**Task**
Although the records contain pictures, only their text should be set down, exactly as written.

─── Material for this task

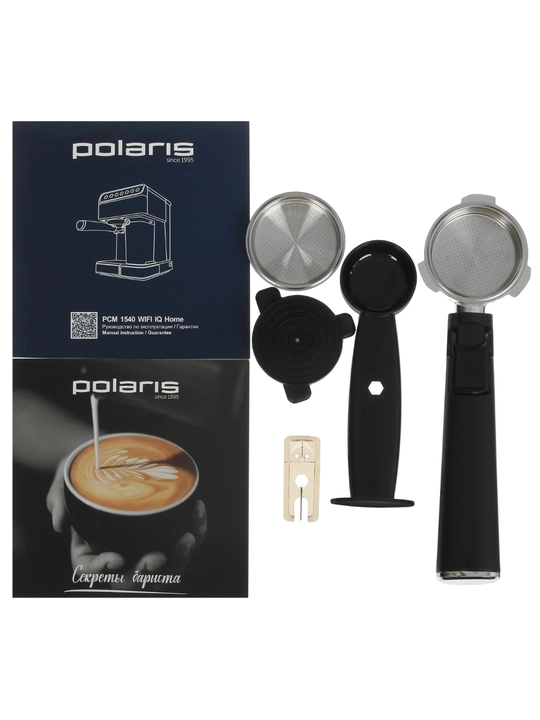 Кофеварка Polaris PCM 1540 Wi-Fi IQ Home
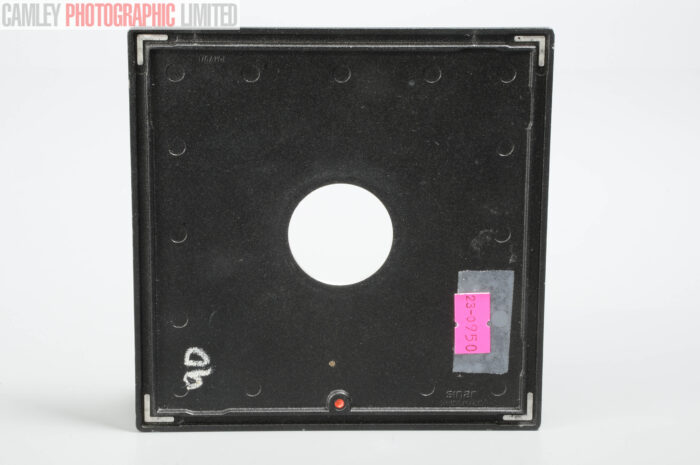 Sinar Copal #0 Lens Board. 138mm x 138mm (441.21.501). Graded: EXC [#10950] - Image 3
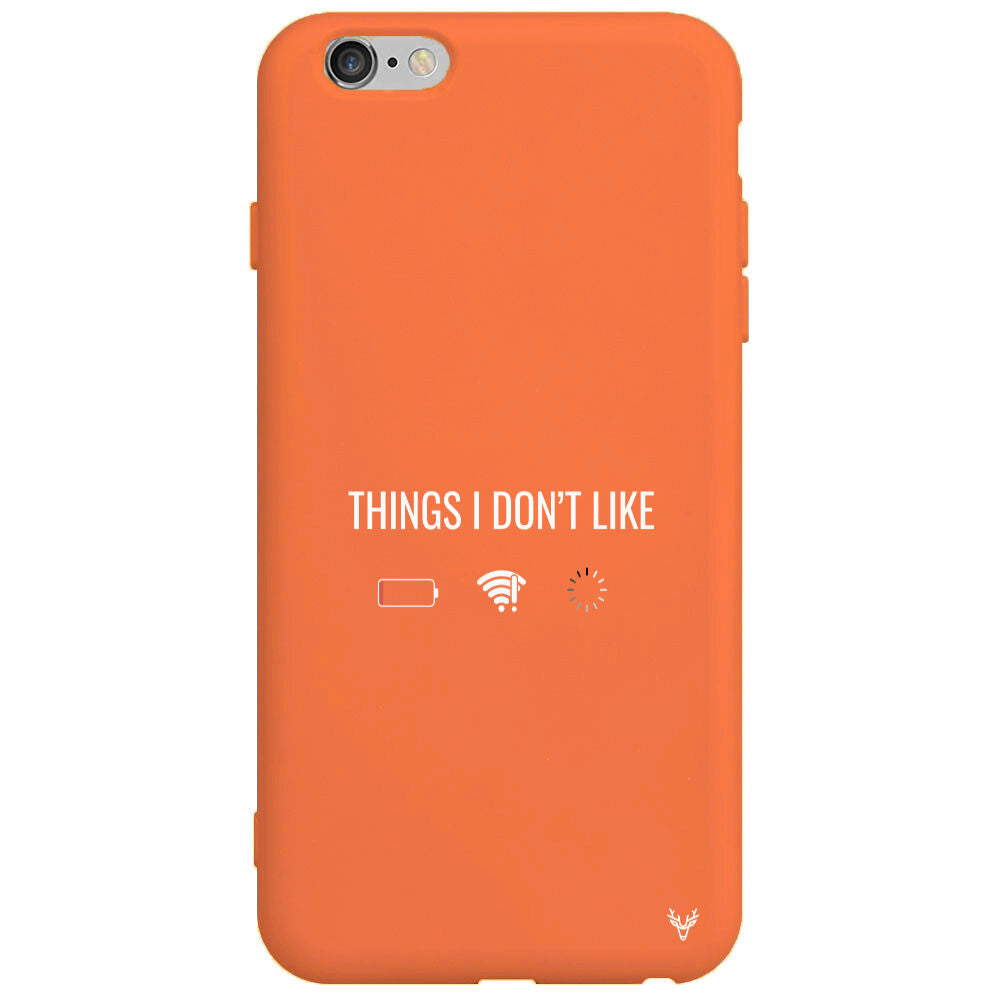 RenkliSilikonTuruncu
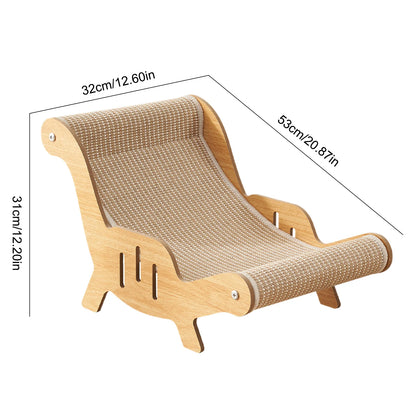 Natural Sisal Cat Scratching Pad – Interactive Bed & Lounge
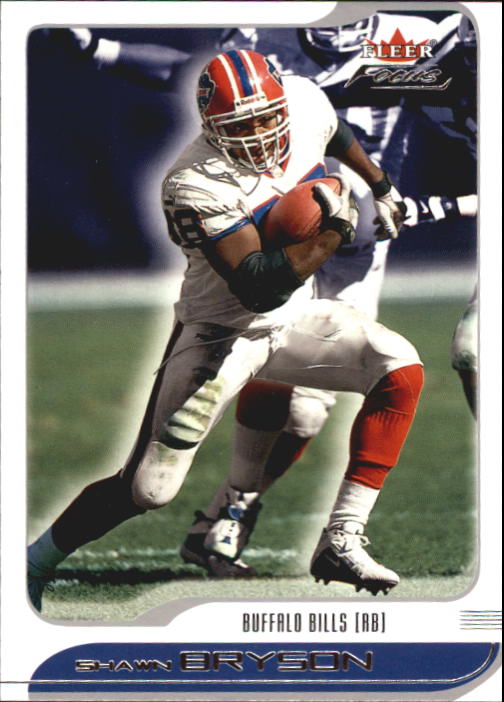 2001 Fleer Focus #34 Shawn Bryson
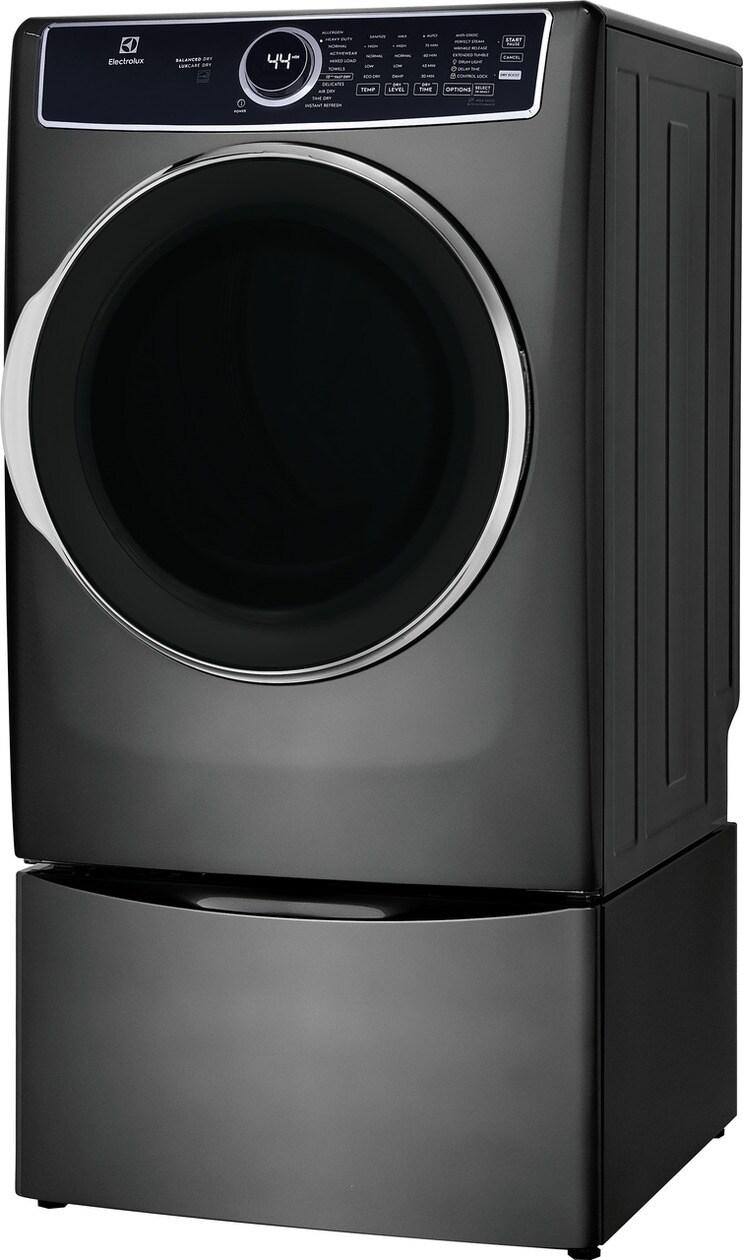 Front Load Perfect Steam™ Electric Dryer with Balanced Dry™ and Instant Refresh - 8.0 Cu. Ft.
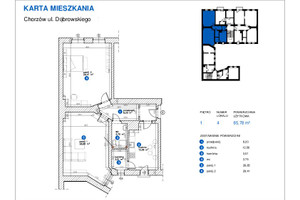 Mieszkanie na sprzedaż 86m2 Chorzów Centrum Dąbrowskiego - zdjęcie 1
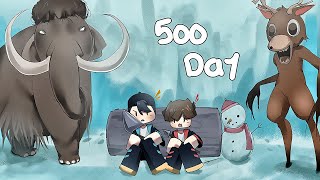 Sejuk Area Rahasia Snow Biome & Lawan Mammoth Gede 99 Nights In The Forest Indonesia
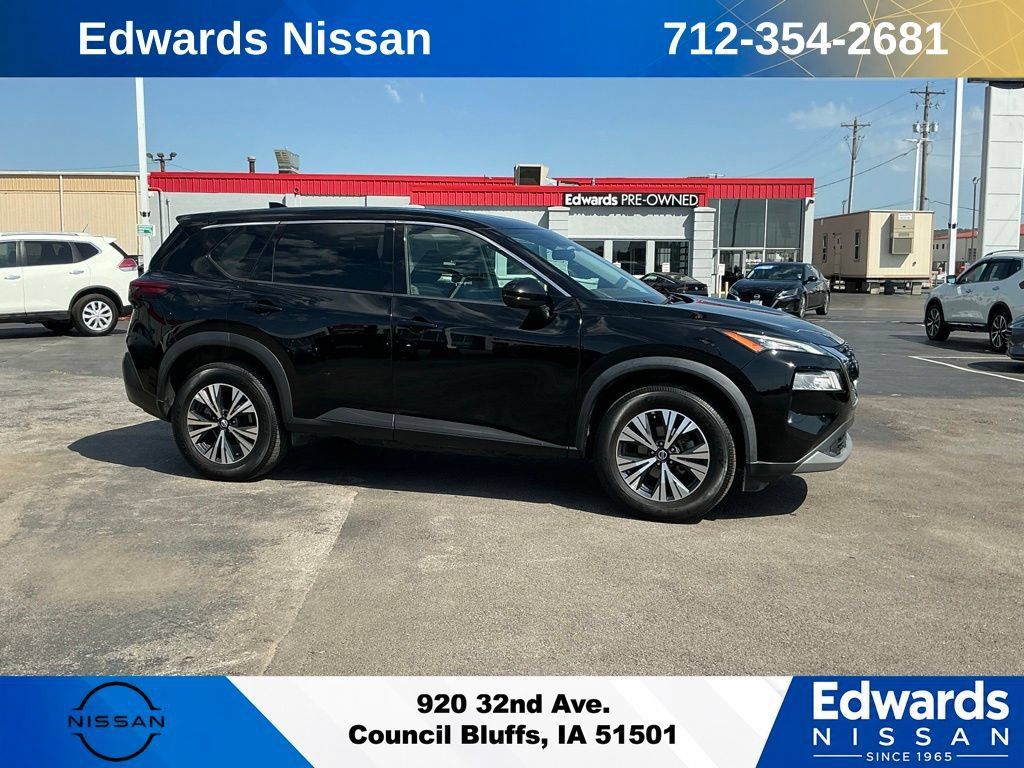 Used 2021 Nissan Rogue SV AWD/4WD image 1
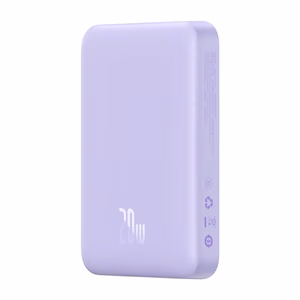 Powerbank Baseus Magnetic Mini 10000mAh, USB-C  20W MagSafe (purple)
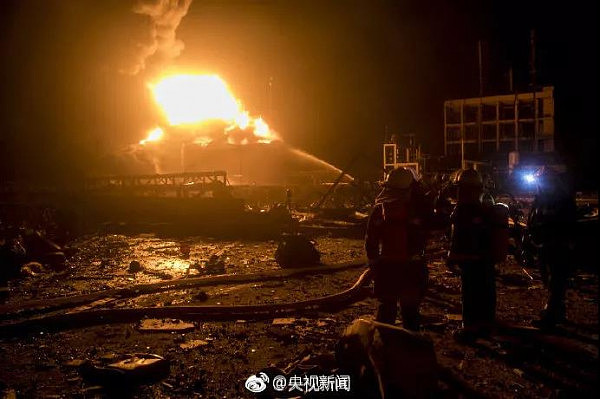 【滚动】江苏盐城化工厂爆炸已致64人遇难，94人重伤！救治伤员640人，负责人被抓（视频/组图） - 4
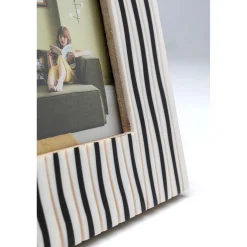 KARE Design Cadre Photo Black Stripes10X10Cm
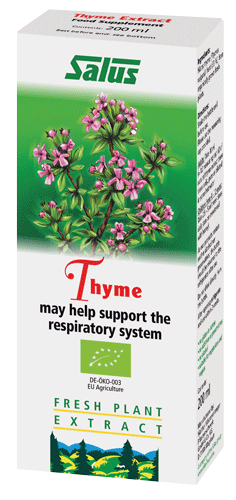 Salus Thyme Fresh Plant Juice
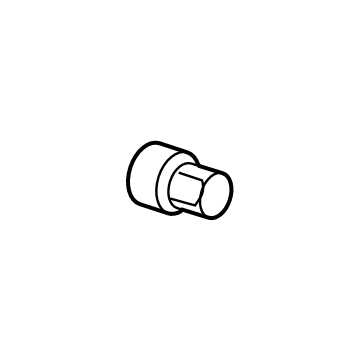 Honda 90381-S87-A01 Nut, Wheel (Sato Rashi)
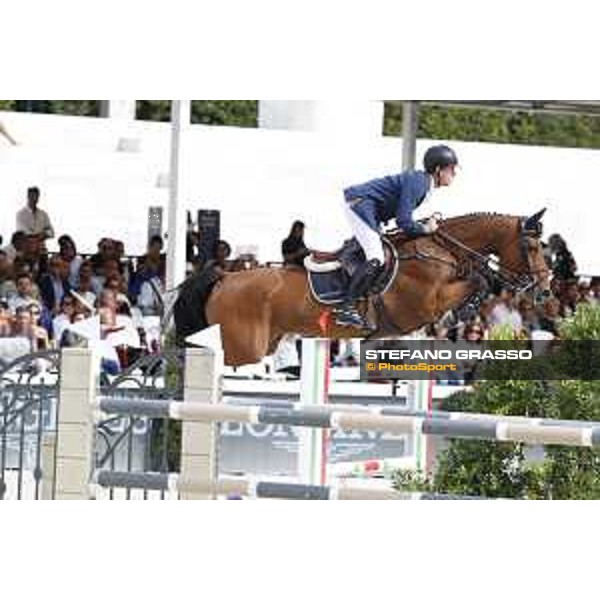 LGCT of Rome - Class 14 - Scott Brash on Ursula XII - Rome, Stadio dei Marmi - 24 September 2017 - ph.Stefano Grasso/LGCT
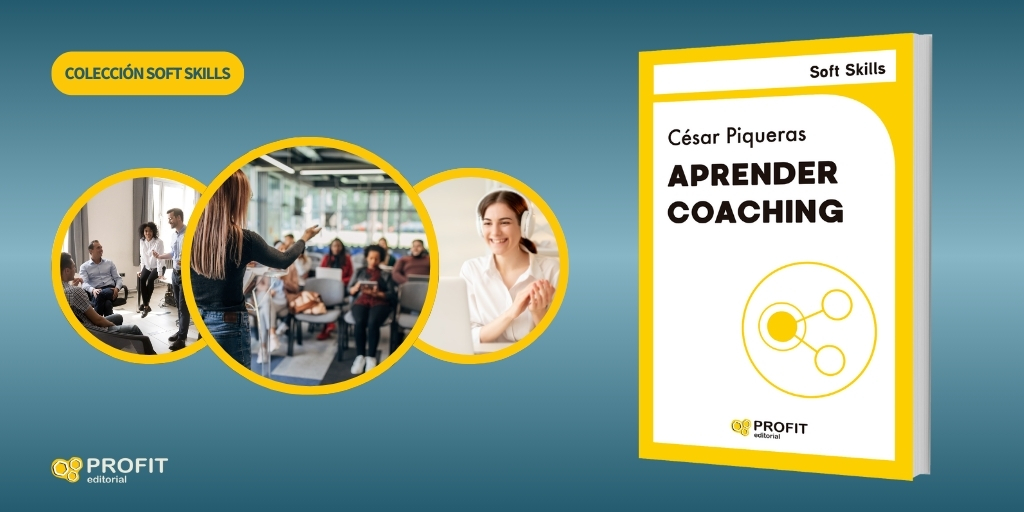 'Aprende Coaching' Un pequeño manual para quienes quieran desarrollar su carrera como coach profesional y saber cuáles son las premisas básicas, cuál debe ser su actitud ante un cliente. Autor: César Piqueras profiteditorial.com/libro/aprender…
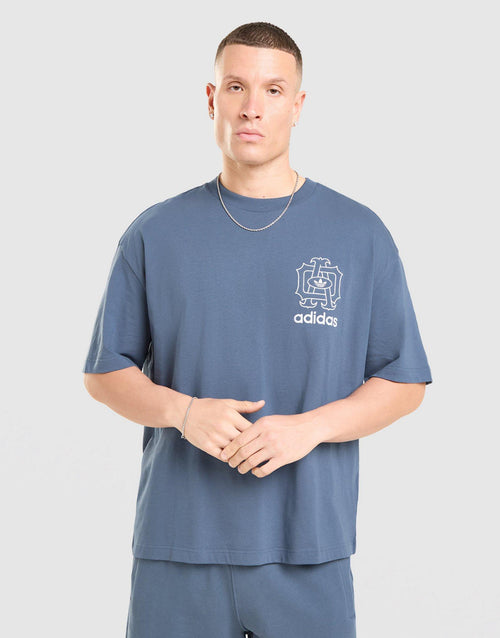 Embroidered Oversized T-Shirt
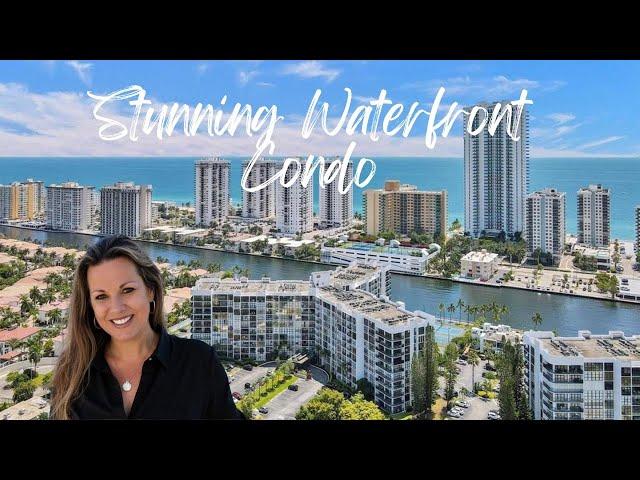 Enjoy endless ocean and intracoastal views in this magnificent condo!!!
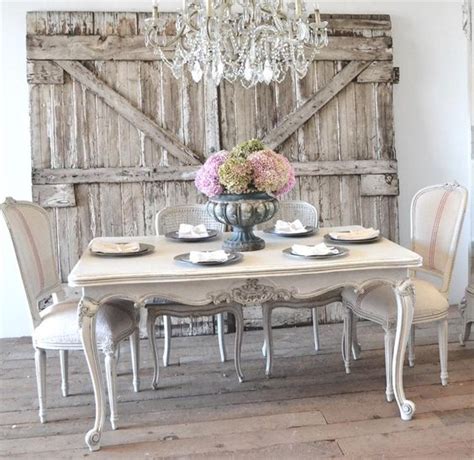 5 luxurious dining rooms by the best lux. 26 Ways To Create A Shabby Chic Dining Room Or Area ...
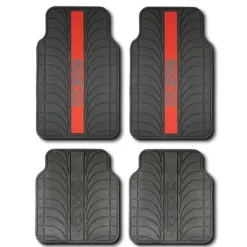 New Automatten Set Rubber - Rood Automatten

──────

**Answer to the problem**
 Кофеварка Polaris PCM 1540 Wi-Fi IQ Home
 Sinar Copal #0 Lens Board. 138mm x 138mm (441.21.501). Graded: EXC [#10950] - Image 3
 RenkliSilikonTuruncu
 Natural Sisal Cat Scratching Pad – Interactive Bed & Lounge
 2001 Fleer Focus #34 Shawn Bryson
 Front Load Perfect Steam™ Electric Dryer with Balanced Dry™ and Instant Refresh - 8.0 Cu. Ft.
 Mieszkanie na sprzedaż 86m2 Chorzów Centrum Dąbrowskiego - zdjęcie 1
 Sejuk Area Rahasia Snow Biome & Lawan Mammoth Gede 99 Nights In The Forest Indonesia
 Used 2021 Nissan Rogue SV AWD/4WD image 1
 Powerbank Baseus Magnetic Mini 10000mAh, USB-C  20W MagSafe (purple)
 【滚动】江苏盐城化工厂爆炸已致64人遇难，94人重伤！救治伤员640人，负责人被抓（视频/组图） - 4
 KARE Design Cadre Photo Black Stripes10X10Cm
 Salus Thyme Fresh Plant Juice
 Honda 90381-S87-A01 Nut, Wheel (Sato Rashi)
 LGCT of Rome - Class 14 - Scott Brash on Ursula XII - Rome, Stadio dei Marmi - 24 September 2017 - ph.Stefano Grasso/LGCT
 'Aprende Coaching' Un pequeño manual para quienes quieran desarrollar su carrera como coach profesional y saber cuáles son las premisas básicas, cuál debe ser su actitud ante un cliente. Autor: César Piqueras profiteditorial.com/libro/aprender…
 Embroidered Oversized T-Shirt
 Enjoy endless ocean and intracoastal views in this magnificent condo!!!
 5 luxurious dining rooms by the best lux. 26 Ways To Create A Shabby Chic Dining Room Or Area ...
 New Automatten Set Rubber - Rood Automatten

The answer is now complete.